Please write out exactly the line containing "Tùy chỉnh <span" below and every line after it, through the last one, but leave out any pictures.

DATA SHOWN:
- Opening Delimiter -

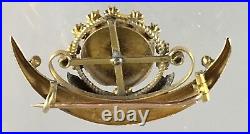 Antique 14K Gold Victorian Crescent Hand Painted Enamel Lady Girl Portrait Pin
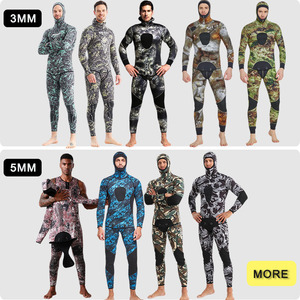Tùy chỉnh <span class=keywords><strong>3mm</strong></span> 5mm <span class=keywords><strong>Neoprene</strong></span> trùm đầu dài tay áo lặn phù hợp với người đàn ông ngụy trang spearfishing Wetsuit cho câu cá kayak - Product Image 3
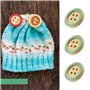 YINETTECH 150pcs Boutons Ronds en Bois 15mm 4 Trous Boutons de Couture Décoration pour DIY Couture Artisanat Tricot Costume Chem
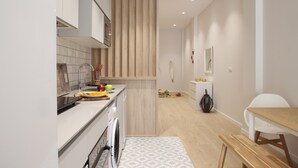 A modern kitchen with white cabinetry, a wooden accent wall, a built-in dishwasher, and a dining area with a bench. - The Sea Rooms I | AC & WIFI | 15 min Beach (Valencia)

- Closing Delimiter -

EXPECTED OUTPUT:
Tùy chỉnh <span class=keywords><strong>3mm</strong></span> 5mm <span class=keywords><strong>Neoprene</strong></span> trùm đầu dài tay áo lặn phù hợp với người đàn ông ngụy trang spearfishing Wetsuit cho câu cá kayak - Product Image 3
 YINETTECH 150pcs Boutons Ronds en Bois 15mm 4 Trous Boutons de Couture Décoration pour DIY Couture Artisanat Tricot Costume Chem
 A modern kitchen with white cabinetry, a wooden accent wall, a built-in dishwasher, and a dining area with a bench. - The Sea Rooms I | AC & WIFI | 15 min Beach (Valencia)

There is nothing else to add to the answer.